### Aim of the exercise:
From the records below, please print only the lines from the one containing "Late 20th Century" through the one containing "Tarjetas de felicitación de acuarela", both included. Skip the pictures.

### Records to use:
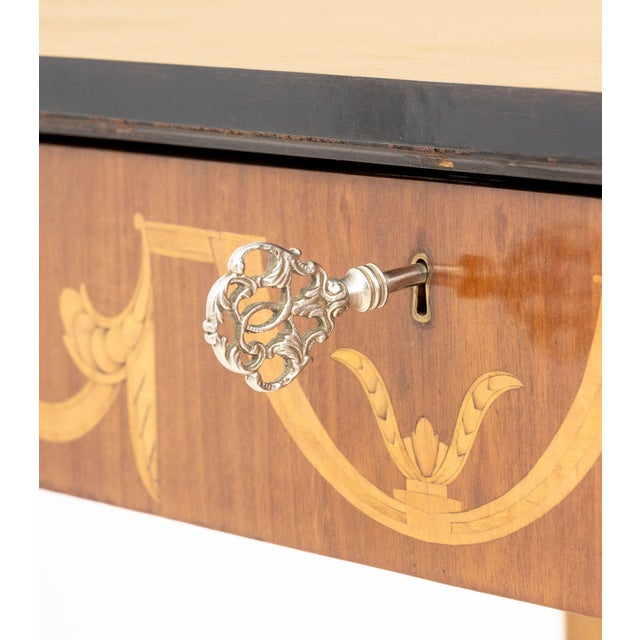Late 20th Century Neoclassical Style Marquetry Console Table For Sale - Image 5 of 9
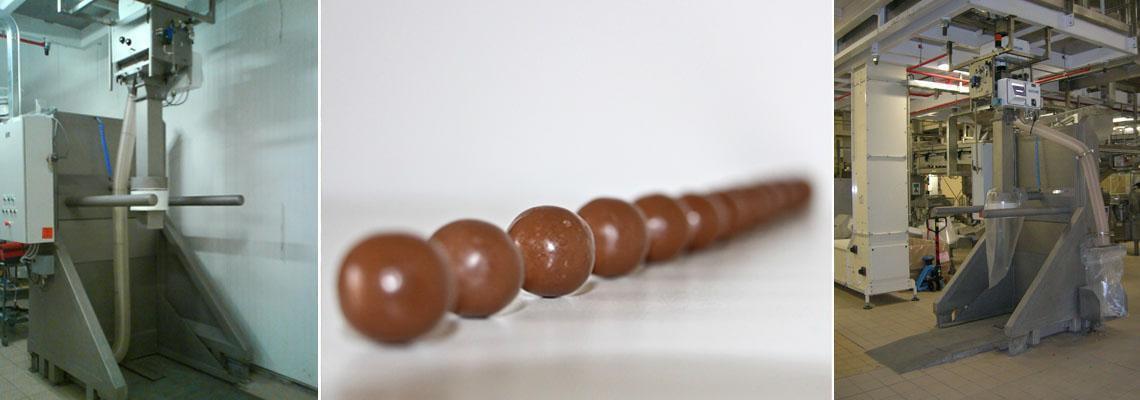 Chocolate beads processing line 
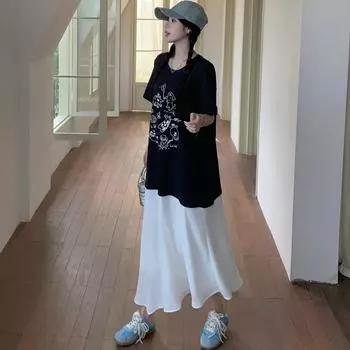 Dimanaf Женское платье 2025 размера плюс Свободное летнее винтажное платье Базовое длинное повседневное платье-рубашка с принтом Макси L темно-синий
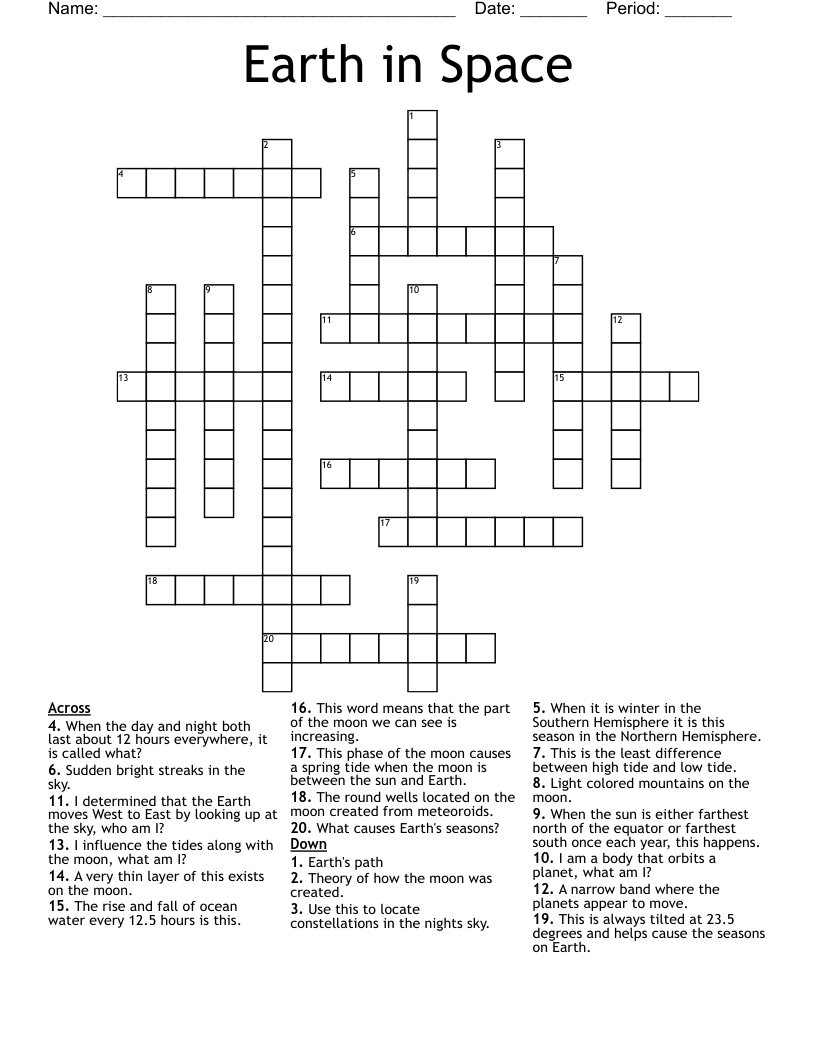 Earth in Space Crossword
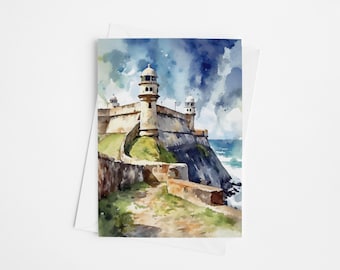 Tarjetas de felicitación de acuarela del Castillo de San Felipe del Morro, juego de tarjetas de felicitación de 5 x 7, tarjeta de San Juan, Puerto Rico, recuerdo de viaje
...
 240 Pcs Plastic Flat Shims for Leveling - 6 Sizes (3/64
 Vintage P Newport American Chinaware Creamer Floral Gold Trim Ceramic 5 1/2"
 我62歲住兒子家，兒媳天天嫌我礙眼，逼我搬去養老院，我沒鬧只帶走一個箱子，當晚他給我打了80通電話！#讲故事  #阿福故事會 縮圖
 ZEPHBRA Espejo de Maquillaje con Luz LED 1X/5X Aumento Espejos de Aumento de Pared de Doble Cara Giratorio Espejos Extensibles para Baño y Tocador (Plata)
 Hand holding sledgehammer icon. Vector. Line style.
---
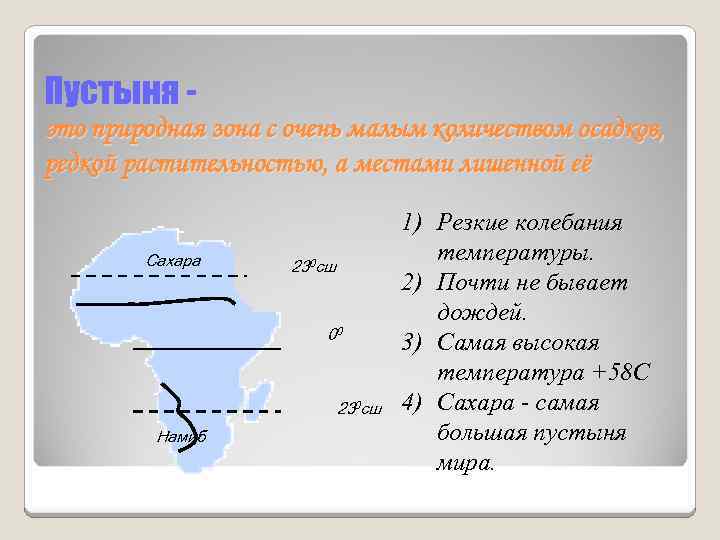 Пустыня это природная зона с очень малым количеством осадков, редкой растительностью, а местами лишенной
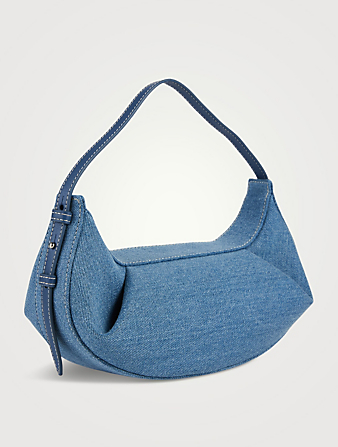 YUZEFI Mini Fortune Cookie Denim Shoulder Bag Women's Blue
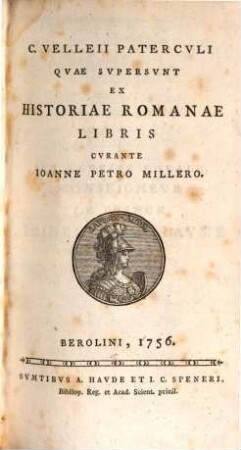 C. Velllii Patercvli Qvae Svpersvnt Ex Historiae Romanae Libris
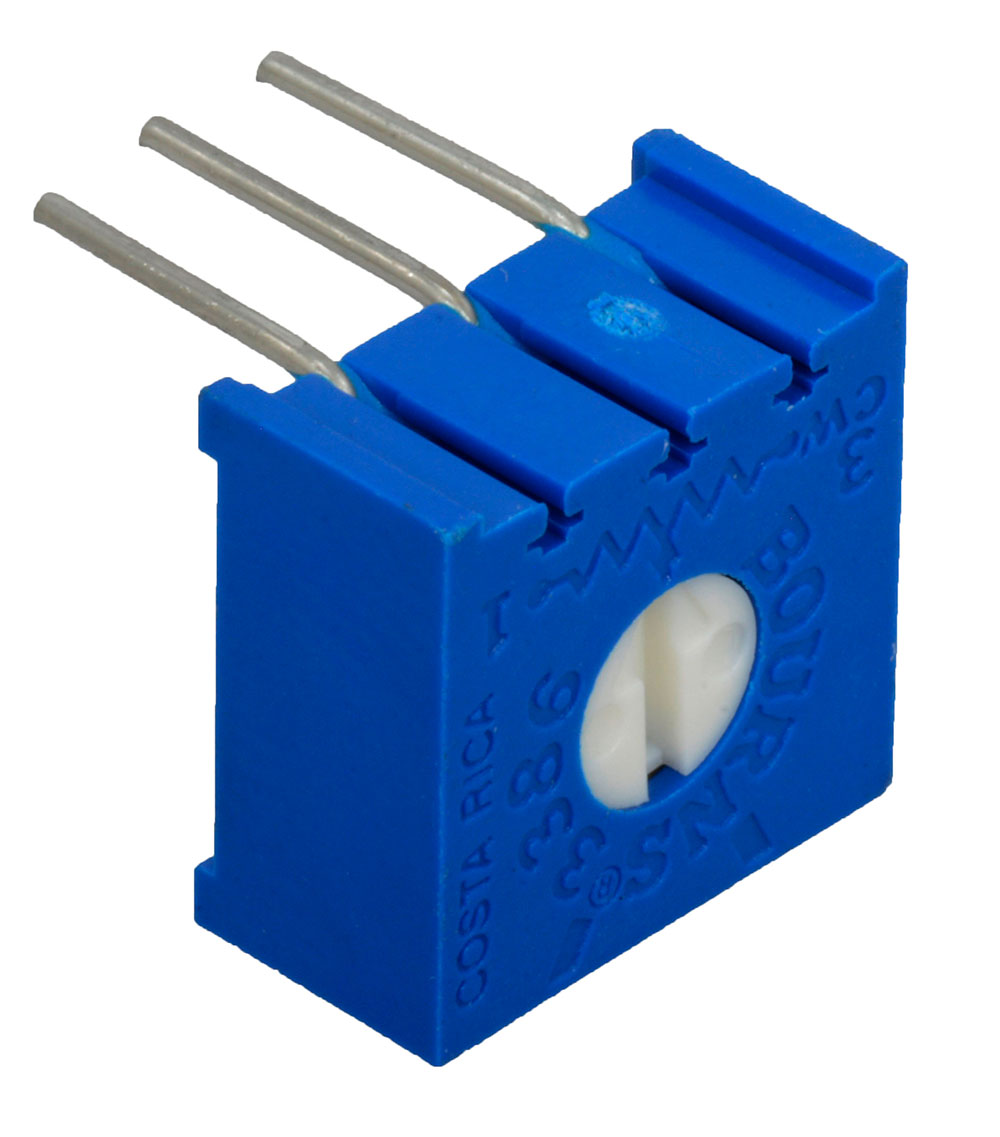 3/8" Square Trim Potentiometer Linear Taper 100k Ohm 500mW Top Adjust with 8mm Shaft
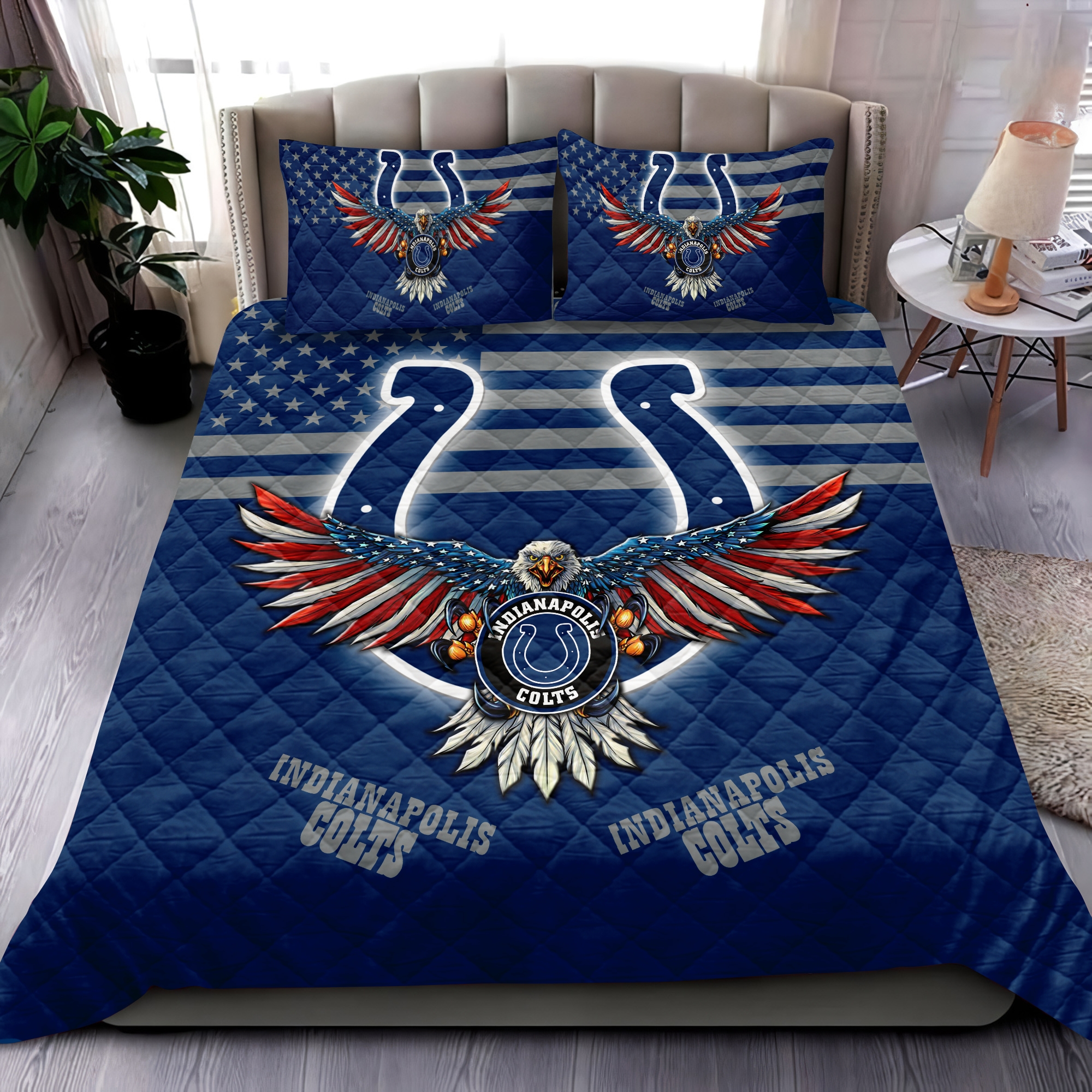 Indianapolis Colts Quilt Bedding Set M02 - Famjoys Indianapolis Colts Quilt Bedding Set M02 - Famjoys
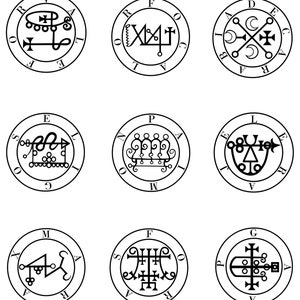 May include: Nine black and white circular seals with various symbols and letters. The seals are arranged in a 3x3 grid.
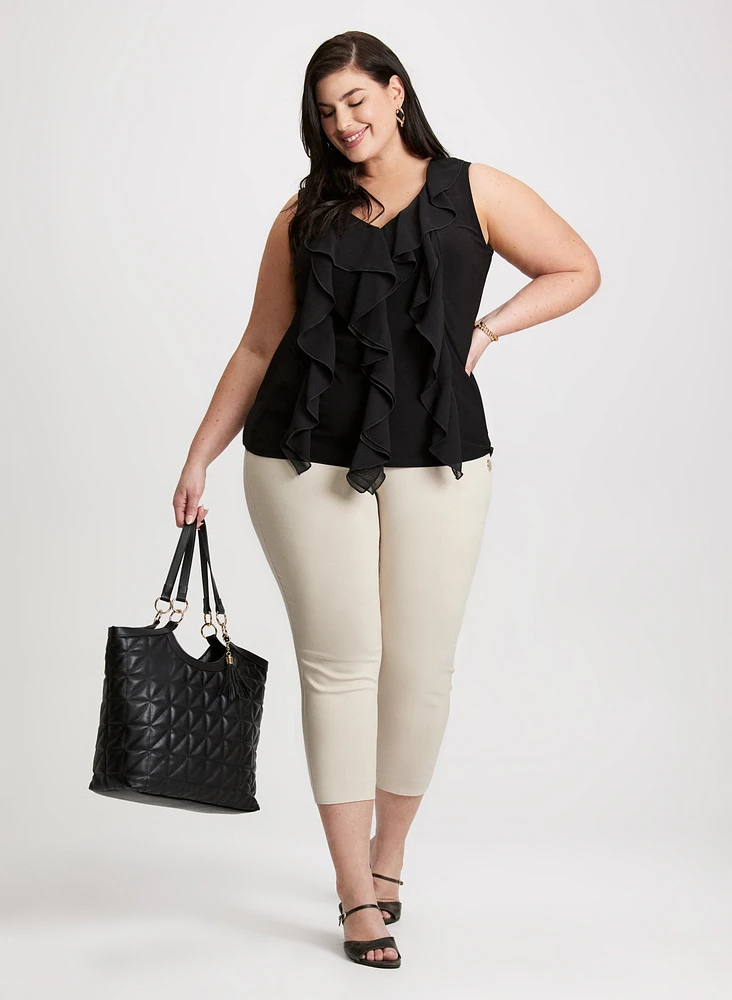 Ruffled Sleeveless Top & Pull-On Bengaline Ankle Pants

### Your response:
Late 20th Century Neoclassical Style Marquetry Console Table For Sale - Image 5 of 9
 Chocolate beads processing line 
 Dimanaf Женское платье 2025 размера плюс Свободное летнее винтажное платье Базовое длинное повседневное платье-рубашка с принтом Макси L темно-синий
 Earth in Space Crossword
 Tarjetas de felicitación de acuarela del Castillo de San Felipe del Morro, juego de tarjetas de felicitación de 5 x 7, tarjeta de San Juan, Puerto Rico, recuerdo de viaje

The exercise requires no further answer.